• _Required action_
Everything in the data that follows has to be repeated verbatim.

• _Collected material_

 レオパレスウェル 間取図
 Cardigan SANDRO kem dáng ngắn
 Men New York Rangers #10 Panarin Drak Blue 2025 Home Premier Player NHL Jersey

• _Your solution_
 レオパレスウェル 間取図
 Cardigan SANDRO kem dáng ngắn
 Men New York Rangers #10 Panarin Drak Blue 2025 Home Premier Player NHL Jersey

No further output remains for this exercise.